The A to Z Challenge continues with the letter B! This time, I talk about bees. It’s springtime, so insects are now coming out. Bees are a very important part of our environment, since they pollinate flowers, and help us grow our plant crops. So, let’s take a look at the video.
Here are the facts, which I mentioned in the video.
- There are around 20,000 known species of bee.

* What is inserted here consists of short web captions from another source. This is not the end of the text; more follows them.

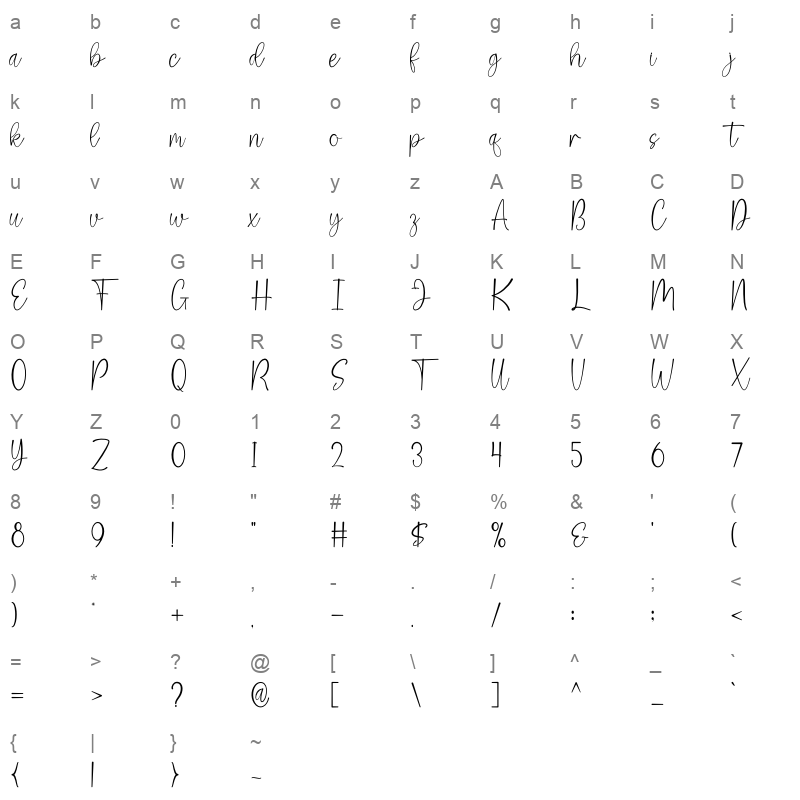 Salsabila Character Map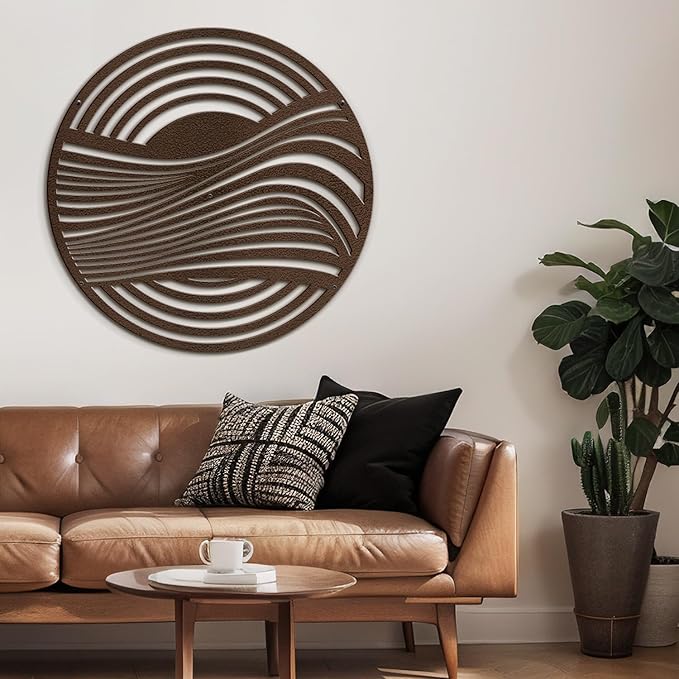 SIGNLEADER Metal Wall Art Decor Bronze Circle Stripes Minimalist Modern Abstract Wall Sculpture Hangings Home Decoration for Living Room, Bedroom, Bathroom, Kitchen, Outdoor - 18" Bronze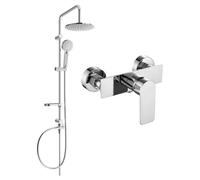 Ensemble de douche Mexen Carl Alexa chrome avec douchette de tête et mitigeur
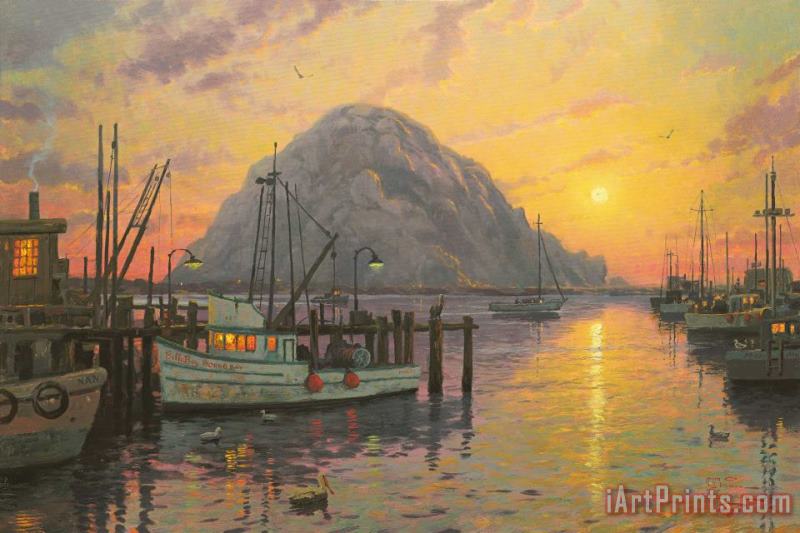 Thomas Kinkade Morro Bay at Sunset Art Painting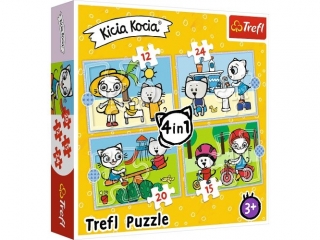 Puzzle "4w1" TREFL Kicia Kocia - Dzień Kici Koci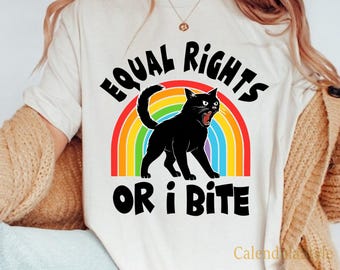 Equal Rights Or I Bites Rainbow Cat Shirt, Pride Activism Kitty Tee, LGBTQAI Pride Gift Idea, Cat Lover Gift, Rainbow LGBT Pride Flag Shirt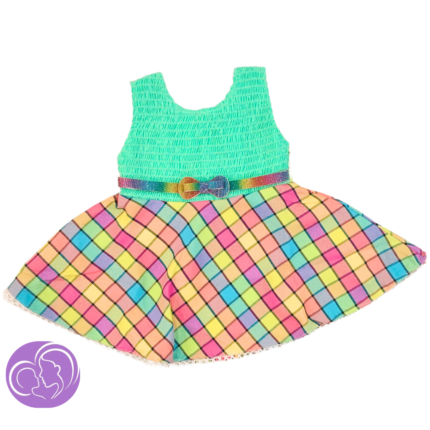 Girls sleeveless frock with checks - Green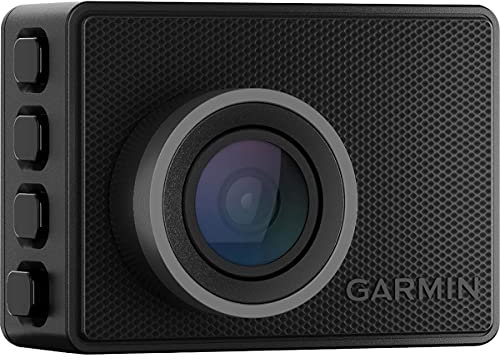Garmin Dashcam 57, 1440p und 140 Grad Sichtfeld, überwachen Sie Ihr Fahrzeug während der Fahrt mit neuen verbundenen Funktionen, Sprachsteuerung, kompakt und diskret, inklusive Speicherkarte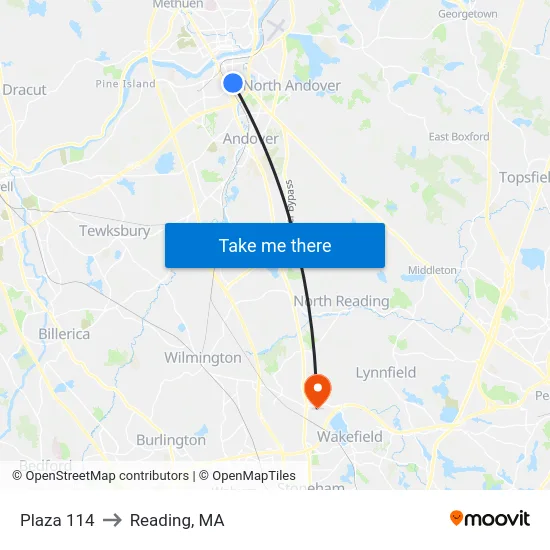 Plaza 114 to Reading, MA map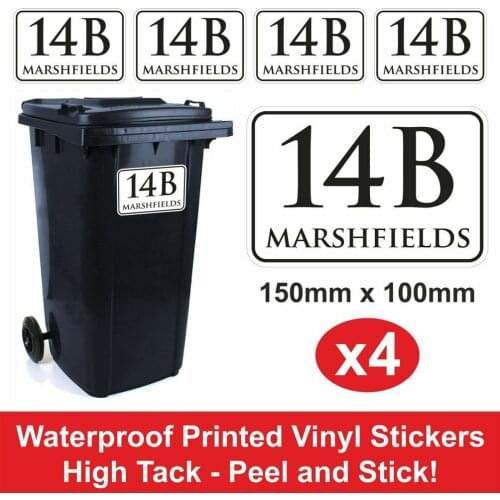 4x Wheelie Bin Stickers Sticky Sign Address Numbers Street Road House Name High Quality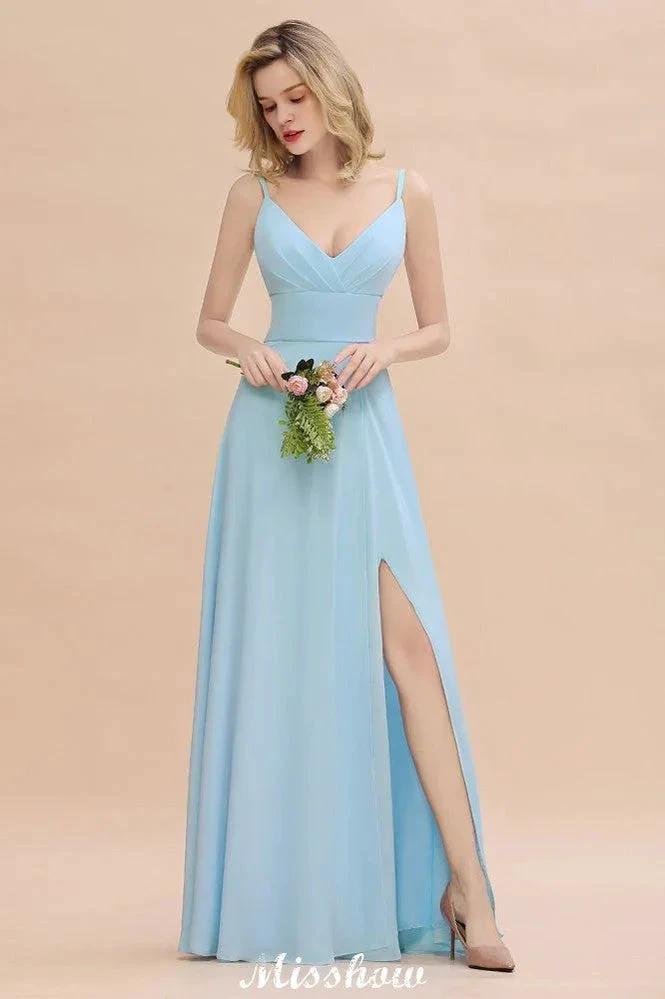 Elegant Front Split Bridesmaid Dress Garden Spaghetti Straps V-neck Floor Length Dress (ZD12893)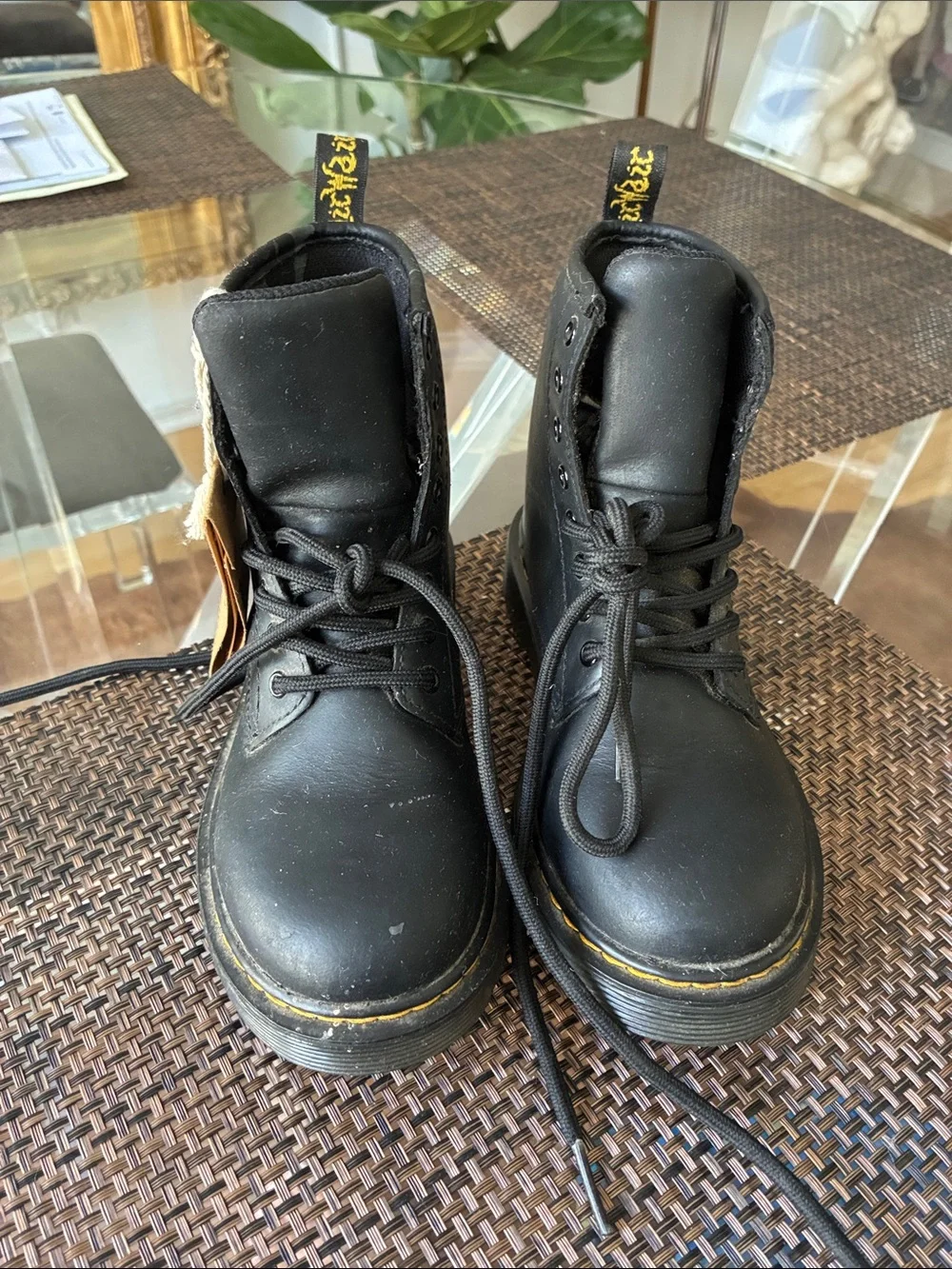 Dr. Martens Kids JUNIOR 1460 SOFTY waterproof LEATHER LACE UP BOOTS size 13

- The smallest bees are stingless bees that are only 2 mm in length.
- The largest bees are the Wallace’s giant bee, a kind of leafcutter bee that grows to 39 mm in length.
- Although collection of honey by humans dates back 15,000 years, beekeeping didn’t begin until 4,500 years ago in ancient Egypt.
- A bee’s mouthparts are adapted to both chew and suck, having both mandibles and a proboscis.
- The explosion of flowering plants 120 million years ago did not coincide with the appearance of bees, which have been around for 100 million years ago, evolving from a type of wasp.
- A third of our food supply depends on pollinators, most of which are bees.
- Honey isn’t the only thing humans eat. In some countries, the larvae are also eaten.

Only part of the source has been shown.